* **What is needed**
Lines containing the word "White" are to be copied from the data below.
+--
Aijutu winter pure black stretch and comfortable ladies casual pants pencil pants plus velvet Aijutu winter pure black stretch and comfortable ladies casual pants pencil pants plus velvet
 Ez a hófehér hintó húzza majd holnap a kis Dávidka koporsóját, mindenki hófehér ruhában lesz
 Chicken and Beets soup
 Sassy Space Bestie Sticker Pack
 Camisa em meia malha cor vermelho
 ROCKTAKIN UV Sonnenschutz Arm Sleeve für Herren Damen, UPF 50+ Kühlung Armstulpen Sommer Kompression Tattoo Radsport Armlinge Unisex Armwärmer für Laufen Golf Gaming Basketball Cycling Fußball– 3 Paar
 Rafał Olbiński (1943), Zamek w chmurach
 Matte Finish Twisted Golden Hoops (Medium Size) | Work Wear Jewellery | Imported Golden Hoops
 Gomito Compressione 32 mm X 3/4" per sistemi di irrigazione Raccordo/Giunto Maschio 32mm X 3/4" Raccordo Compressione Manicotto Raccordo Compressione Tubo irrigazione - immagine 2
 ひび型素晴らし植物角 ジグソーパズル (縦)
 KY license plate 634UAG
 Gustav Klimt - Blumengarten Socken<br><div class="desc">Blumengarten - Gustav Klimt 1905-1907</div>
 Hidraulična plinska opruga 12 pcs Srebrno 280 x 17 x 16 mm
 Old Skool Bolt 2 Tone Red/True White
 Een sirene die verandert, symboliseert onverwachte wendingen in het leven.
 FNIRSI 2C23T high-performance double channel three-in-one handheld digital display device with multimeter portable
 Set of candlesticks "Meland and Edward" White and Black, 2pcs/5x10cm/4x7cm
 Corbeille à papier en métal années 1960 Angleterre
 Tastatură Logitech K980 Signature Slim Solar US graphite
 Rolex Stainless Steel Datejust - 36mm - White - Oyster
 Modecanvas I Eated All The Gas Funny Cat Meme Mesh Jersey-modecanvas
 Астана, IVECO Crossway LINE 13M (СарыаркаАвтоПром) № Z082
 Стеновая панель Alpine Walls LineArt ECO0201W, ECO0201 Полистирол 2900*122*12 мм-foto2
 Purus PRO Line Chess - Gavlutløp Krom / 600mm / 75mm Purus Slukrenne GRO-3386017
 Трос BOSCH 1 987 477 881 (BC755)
+--
* **Exercise answer**
 Old Skool Bolt 2 Tone Red/True White
 Set of candlesticks "Meland and Edward" White and Black, 2pcs/5x10cm/4x7cm
 Rolex Stainless Steel Datejust - 36mm - White - Oyster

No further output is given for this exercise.